Mas o que é exatamente essa tal conta laranja e por que o tema ganhou peso? No jargão da segurança digital, o CPF usado para camuflar o beneficiário real de golpes pode aparecer de duas formas: sem o conhecimento da vítima, quando dados são vazados e há abertura indevida de contas; ou com consentimento, quando o titular permite ou facilita o uso de seu CPF em troca de pagamento. Com a popularização do Pix, essas contas ganharam papel central: funcionam como uma ponte entre o golpe e o dinheiro, recebendo valores rapidamente e depois pulverizando a quantia, o que dificulta o rastreamento pelas autoridades.
No que os especialistas chamam de “ponto cego” do sistema, a baixo desempenho na detecção vem da sofisticação do comportamento dessas contas. De acordo com Leandro Bartolassi, Diretor de Autenticação e Prevenção à Fraude da Serasa Experian, as contas laranja passam a ter uma aparência de normalidade e criam um degrau entre o golpe e o fraudador final. Além disso, o estudo revela um dado curioso sobre o perfil das vítimas: contas com baixo uso de serviços financeiros são 9 vezes mais arriscadas, já que seus usuários tendem a notar notificações de segurança ou movimentações estranhas com mais atraso, dando espaço para ações fraudulentas.
Para ilustrar a dimensão do desafio em 2025, veja alguns números-chave: 2,6 milhões de perfis com indícios de atuação como “laranja”; 1,2 bilhão de transações via Pix atribuídas a esses perfis (cerca de 2% do total nacional); 62% de crescimento do volume de contas intermediárias desde 2023; e R$ 26 trilhões movimentados pelo Pix em 2024, consolidando o sistema como o principal vetor de repasses. A Serasa Experian cruzou dados como hábitos de consumo, consistência cadastral e vínculos entre CPFs para chegar a esses números. O recado é claro: para frear esse avanço, os bancos precisam investir em monitoramento comportamental contínuo, indo além da checagem de identidade apenas no ato da abertura da conta.
Mas afinal, como saber se existe alguma conta aberta indevidamente em seu nome?
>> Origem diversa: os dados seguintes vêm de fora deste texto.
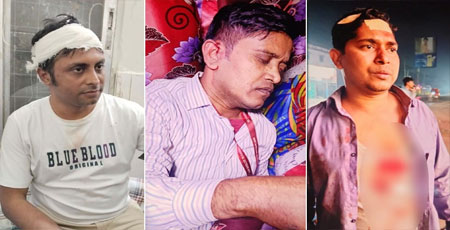 নরসিংদীতে সাংবাদিকদের উপর সন্ত্রাসীদের হামলা এখনো ধরা ছোঁয়ার বাইরে মূল হোতা 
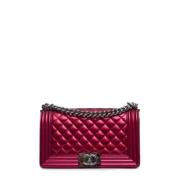 Chanel Vintage Pre-owned Laeder chanel-vskor Pink, Dam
A resposta está no Registrato, ferramenta gratuita do Banco Central que lista empréstimos, contas bancárias e outras relações com instituições financeiras. Para quem quer se prevenir, o ideal é conferir a sua situação e ficar de olho em alterações suspeitas. Aqui fica a ideia central: conheça o que está vinculado ao seu CPF e monitore regularmente seus dados financeiros.